Skip to content

fix(eval): improve rubric text normalization for judge-garbled output#6080

Open
tottenjordan wants to merge 3 commits into
google:mainfrom
tottenjordan:fix/rubric-text-normalization
Open

fix(eval): improve rubric text normalization for judge-garbled output#6080
tottenjordan wants to merge 3 commits into
google:mainfrom
tottenjordan:fix/rubric-text-normalization

Conversation

@tottenjordan

Copy link
Copy Markdown

Summary

Fixes #6072

_normalize_text currently only does .lower().strip(), so judge-model garbling (markdown bullets, smart quotes, bold formatting, extra whitespace) causes exact rubric match failures.

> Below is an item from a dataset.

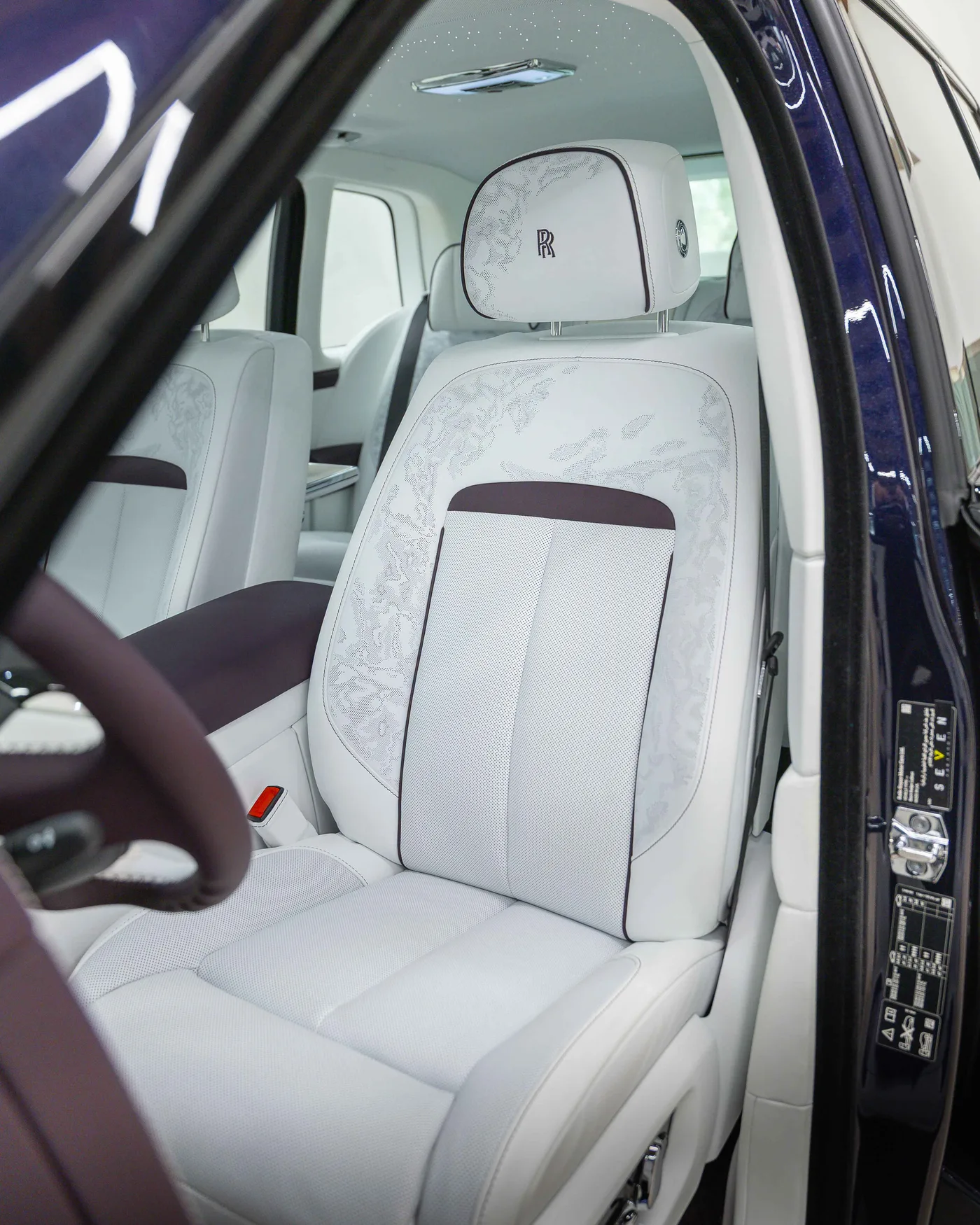 2026 Rolls-Royce Cullinan Black Badge angeboten von einem Supersportwagenhändler in Riyadh, Saudi-Arabien, Foto 10 von 16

Rubric scores get silently dropped with only a warning log.

Changes:

  • Replace _normalize_text with NFKC unicode normalization, smart-quote/dash translation, and markdown artifact stripping
  • Add substring fallback with uniqueness guard to convert_auto_rater_response_to_score — accepts a match only when exactly one rubric candidate matches, preventing ambiguous cross-matching

Garbling patterns handled:

Input Normalized Match
- The response correctly uses tools the response correctly uses tools
* **The response correctly uses tools** the response correctly uses tools
"The response correctly uses tools" (smart quotes) the response correctly uses tools
— The response correctly uses tools (em dash) the response correctly uses tools
– The response correctly uses tools (en dash) the response correctly uses tools
• The response correctly uses tools (unicode bullet) the response correctly uses tools
The response correctly uses tools (double spaces) the response correctly uses tools
The response… uses tools (ellipsis) the response... uses tools
réponse (accented chars) réponse (preserved)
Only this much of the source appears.